• WHAT THIS TASK INVOLVES: Your reply should hold every entry below exactly as written and none of the pictures.

#### RECORDS TO PROCESS

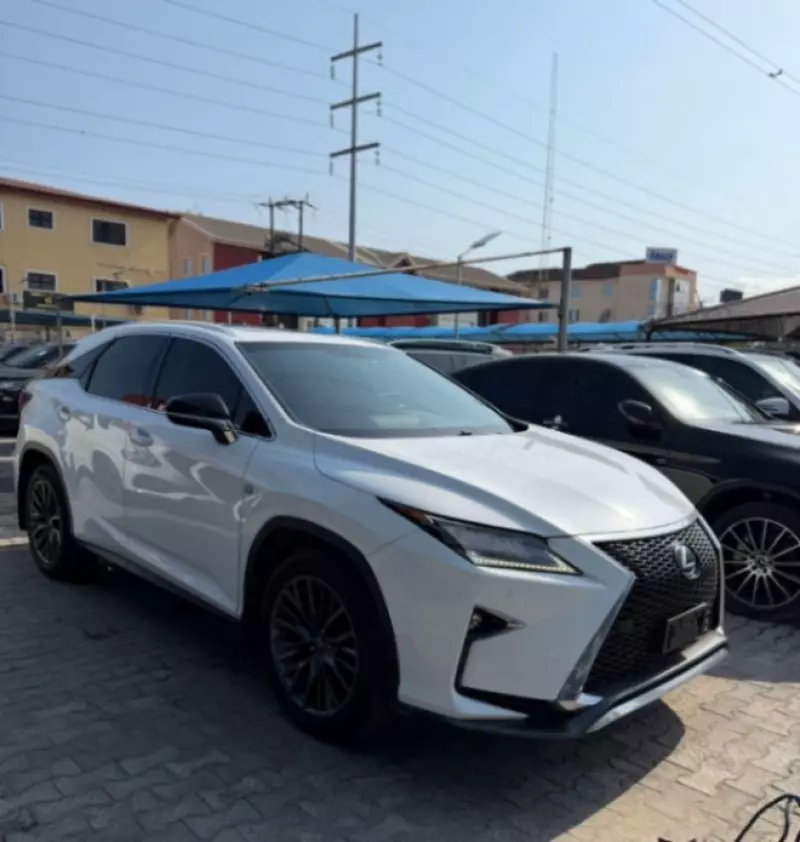 Lexus RX   - 2016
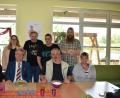 Bezirksrat Toni Dutz (sitzend, Zweiter von links) besucht das Team der Stiftland-Oase im Rahmen der Aktion "Rollentausch". 	Bild: lue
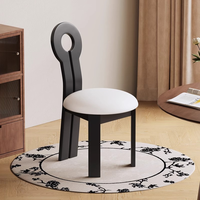 Chaise de salle à manger en bois massif, dossier ajouré créatif, style rétro français minimaliste, rembourrée en mousse haute densité, pour hôtel, maison, bureau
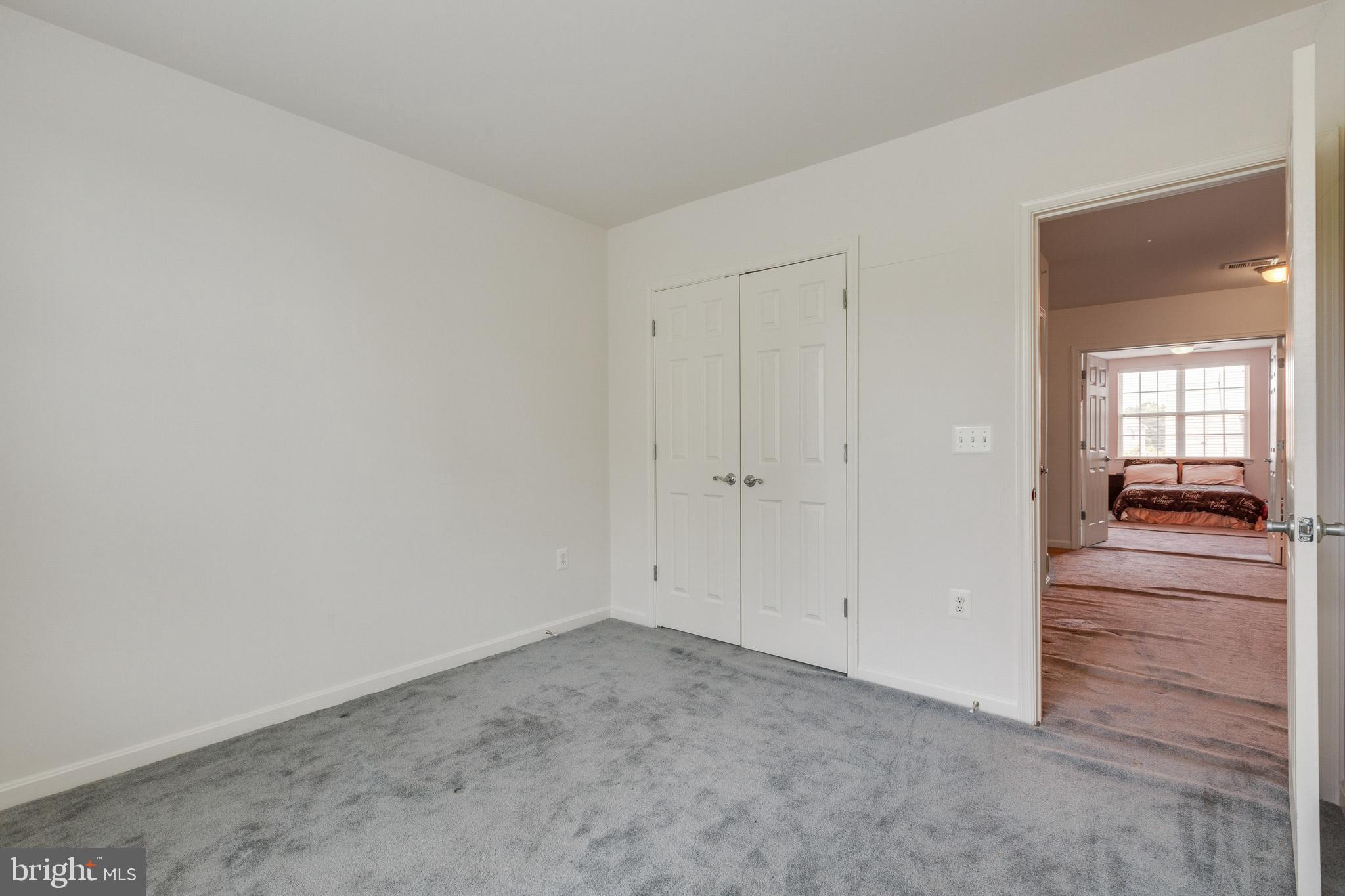 THE COMMONS ON WILLIAM SQUARE - Residential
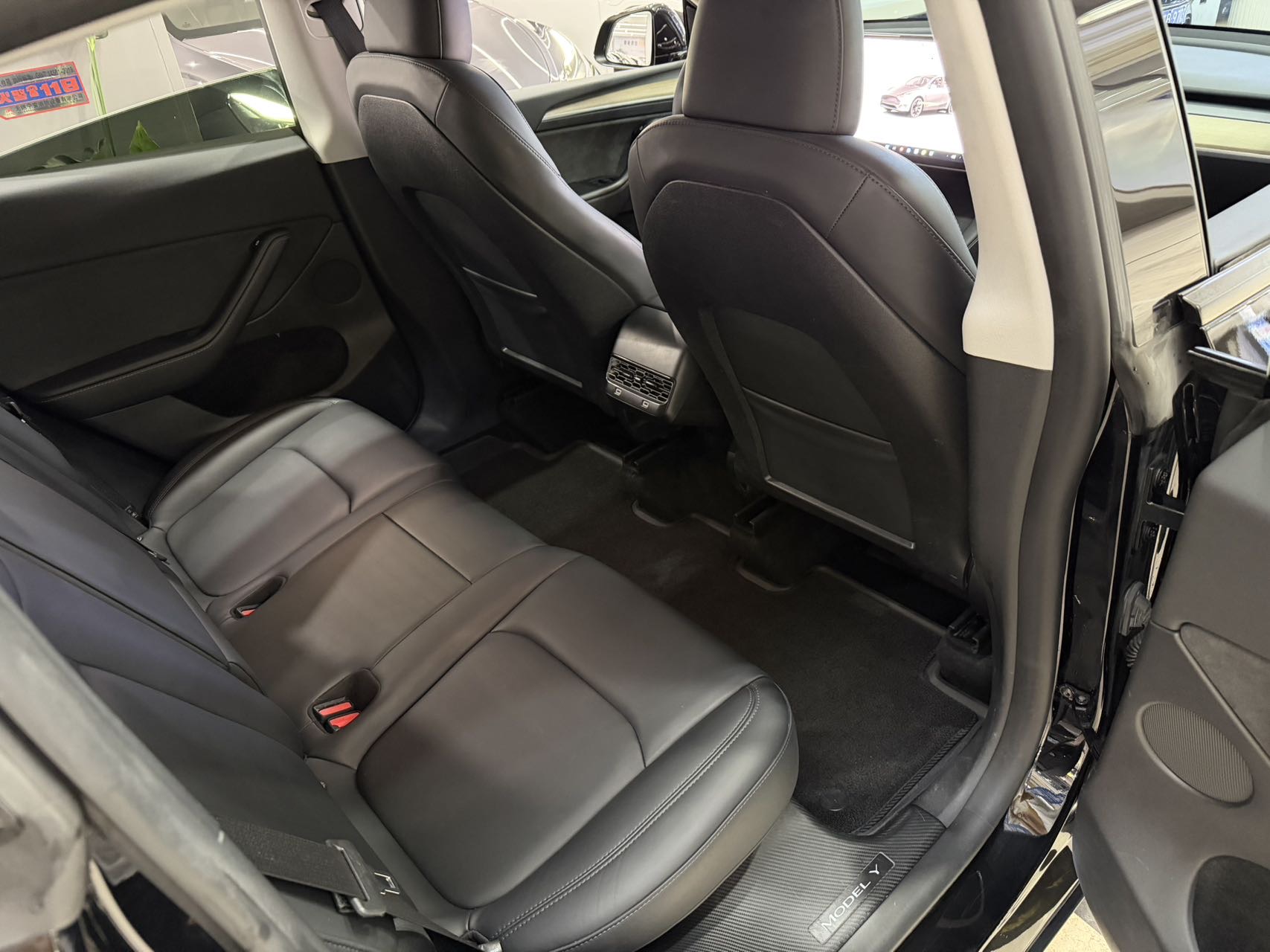 Tesla Model Y 2023 car image #12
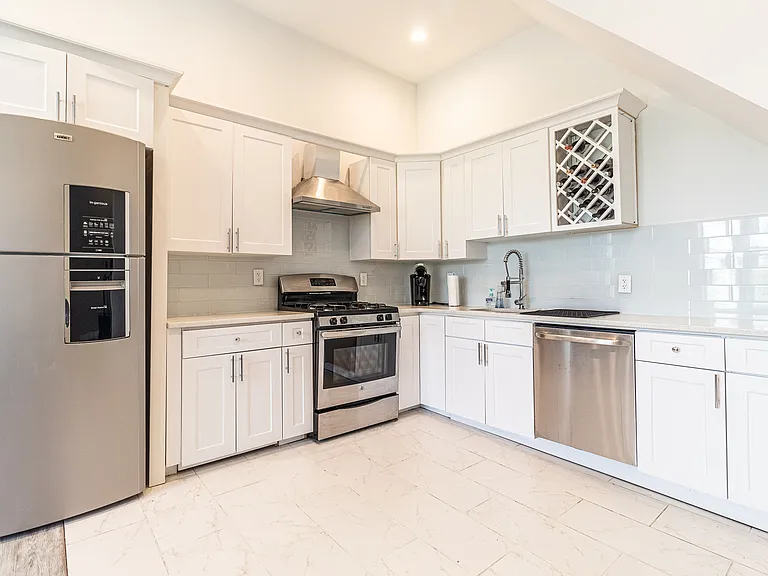 91 Palisade Ave #2 — Photo 5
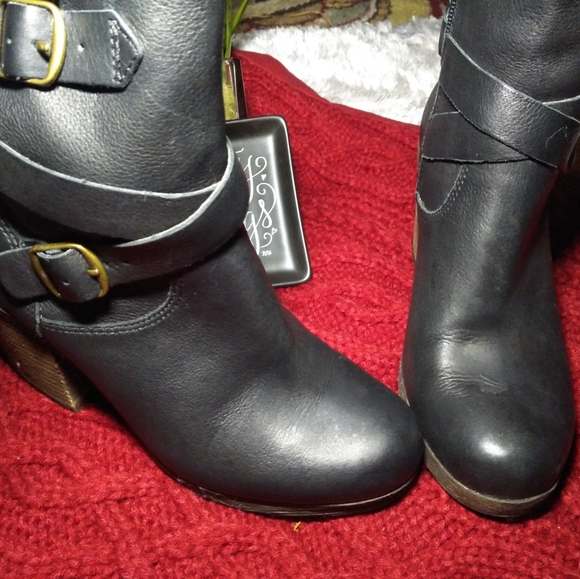 Lucky Brand Ankle Boots - Picture 2 of 6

########

• RESULT:
 Lexus RX   - 2016
 Bezirksrat Toni Dutz (sitzend, Zweiter von links) besucht das Team der Stiftland-Oase im Rahmen der Aktion "Rollentausch". 	Bild: lue
 Chaise de salle à manger en bois massif, dossier ajouré créatif, style rétro français minimaliste, rembourrée en mousse haute densité, pour hôtel, maison, bureau
 THE COMMONS ON WILLIAM SQUARE - Residential
 Tesla Model Y 2023 car image #12
 91 Palisade Ave #2 — Photo 5
 Lucky Brand Ankle Boots - Picture 2 of 6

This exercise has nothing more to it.